[RECORDS SUPPLIED]
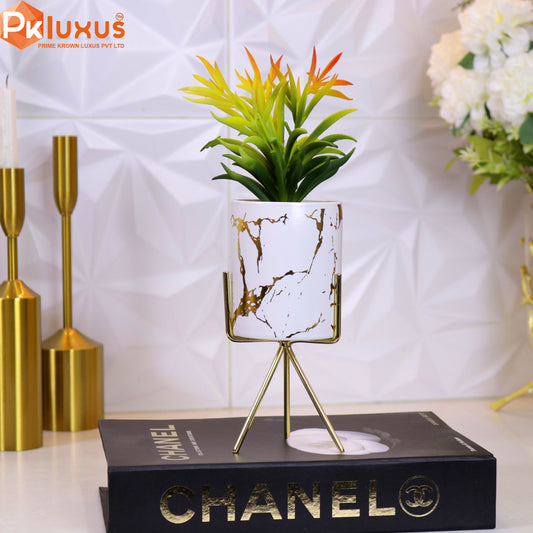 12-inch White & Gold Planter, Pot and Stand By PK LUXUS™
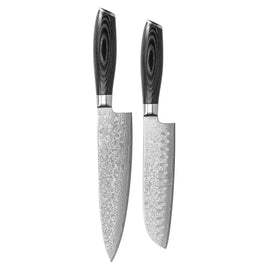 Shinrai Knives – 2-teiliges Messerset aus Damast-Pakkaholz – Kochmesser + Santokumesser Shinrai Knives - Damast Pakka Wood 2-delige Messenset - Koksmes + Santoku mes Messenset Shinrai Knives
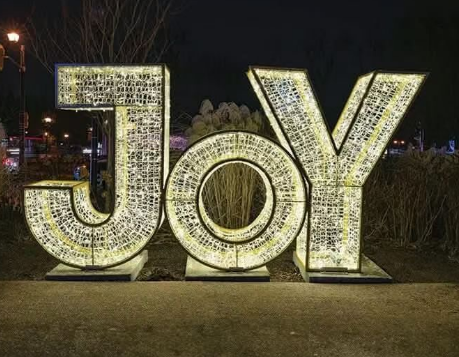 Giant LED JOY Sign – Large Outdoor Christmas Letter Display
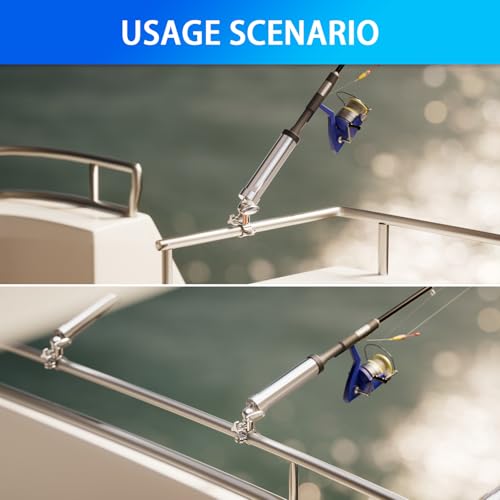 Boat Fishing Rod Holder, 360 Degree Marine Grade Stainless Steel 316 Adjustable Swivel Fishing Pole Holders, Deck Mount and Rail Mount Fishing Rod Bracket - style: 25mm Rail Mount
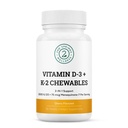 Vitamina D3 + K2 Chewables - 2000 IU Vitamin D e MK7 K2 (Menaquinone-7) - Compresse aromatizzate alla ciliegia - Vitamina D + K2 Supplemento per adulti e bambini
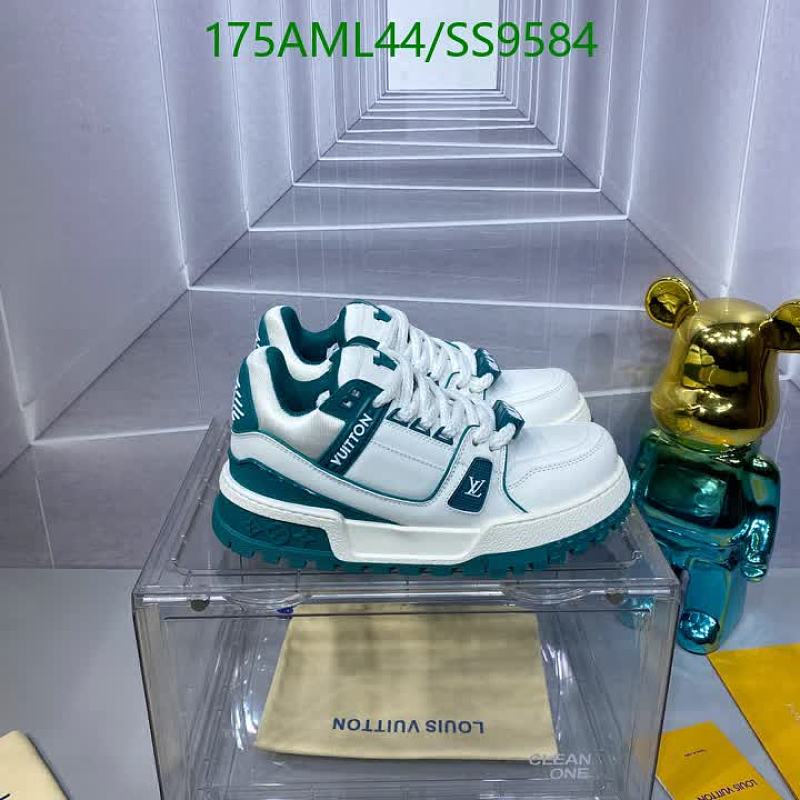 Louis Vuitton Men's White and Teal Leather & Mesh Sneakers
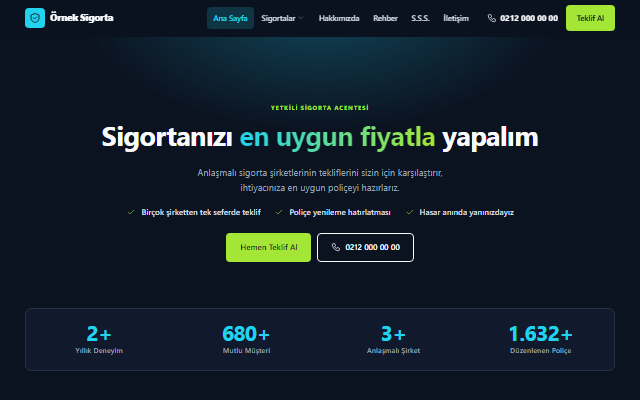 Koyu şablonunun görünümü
[/RECORDS SUPPLIED]
[RECORDS SUPPLIED]
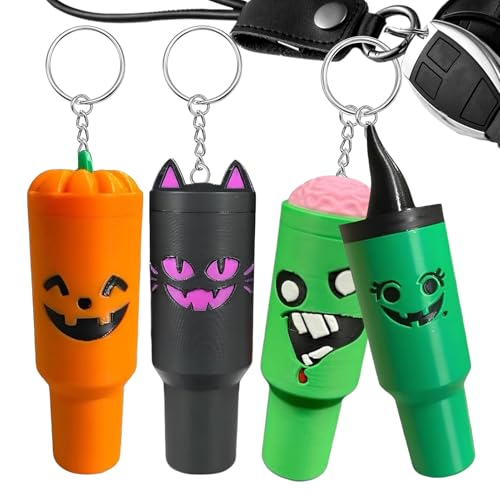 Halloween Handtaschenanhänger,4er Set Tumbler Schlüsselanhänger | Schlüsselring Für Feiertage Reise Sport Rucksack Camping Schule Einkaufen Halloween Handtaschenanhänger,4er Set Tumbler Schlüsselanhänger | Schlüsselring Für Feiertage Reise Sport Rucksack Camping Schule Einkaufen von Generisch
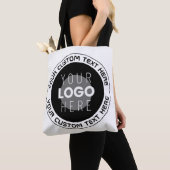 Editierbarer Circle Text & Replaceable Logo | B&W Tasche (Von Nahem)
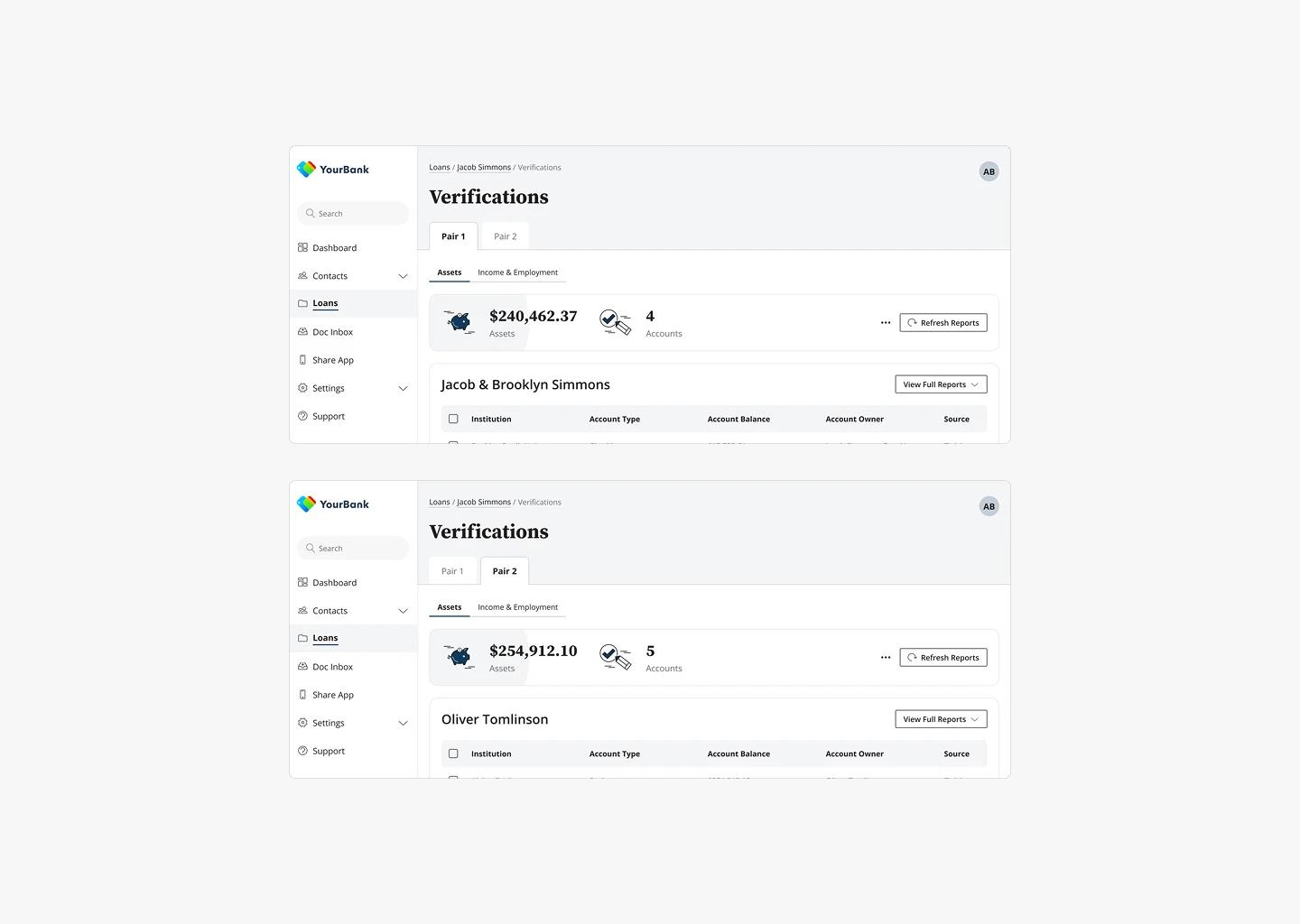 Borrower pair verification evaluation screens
[/RECORDS SUPPLIED]
[RECORDS SUPPLIED]
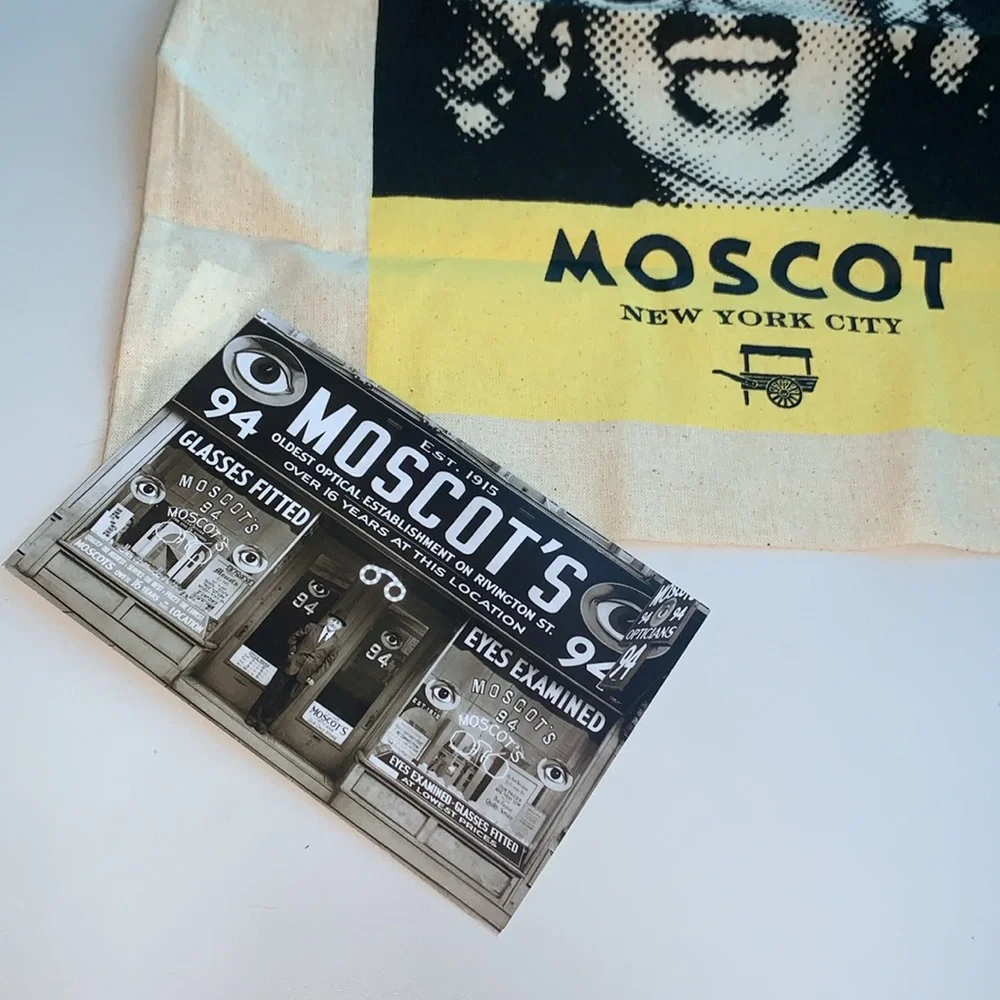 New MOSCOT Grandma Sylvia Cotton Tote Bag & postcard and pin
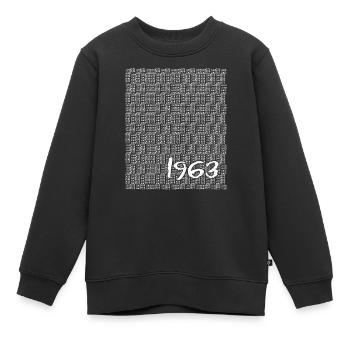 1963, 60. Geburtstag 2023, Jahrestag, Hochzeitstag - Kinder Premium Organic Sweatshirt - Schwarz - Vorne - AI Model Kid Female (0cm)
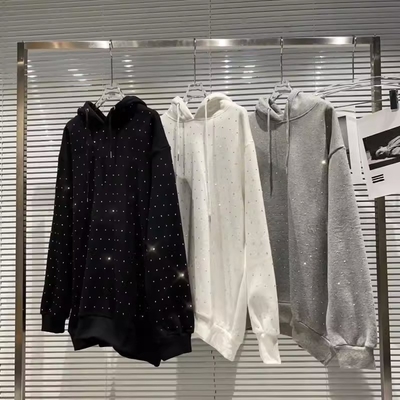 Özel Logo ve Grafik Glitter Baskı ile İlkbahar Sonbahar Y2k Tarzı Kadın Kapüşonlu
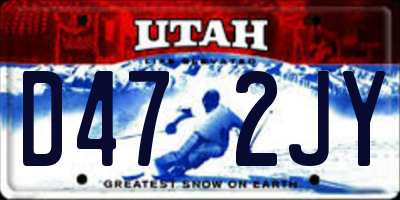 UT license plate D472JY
[/RECORDS SUPPLIED]
Within the material above, find the part that opens with the line containing "Shinrai Knives –" and closes with the line containing "Koyu şablonunun görünümü", and reproduce it exactly without the pictures.

• _EXERCISE SOLUTION_:
 Shinrai Knives – 2-teiliges Messerset aus Damast-Pakkaholz – Kochmesser + Santokumesser Shinrai Knives - Damast Pakka Wood 2-delige Messenset - Koksmes + Santoku mes Messenset Shinrai Knives
 Giant LED JOY Sign – Large Outdoor Christmas Letter Display
 Boat Fishing Rod Holder, 360 Degree Marine Grade Stainless Steel 316 Adjustable Swivel Fishing Pole Holders, Deck Mount and Rail Mount Fishing Rod Bracket - style: 25mm Rail Mount
 Vitamina D3 + K2 Chewables - 2000 IU Vitamin D e MK7 K2 (Menaquinone-7) - Compresse aromatizzate alla ciliegia - Vitamina D + K2 Supplemento per adulti e bambini
 Louis Vuitton Men's White and Teal Leather & Mesh Sneakers
 Koyu şablonunun görünümü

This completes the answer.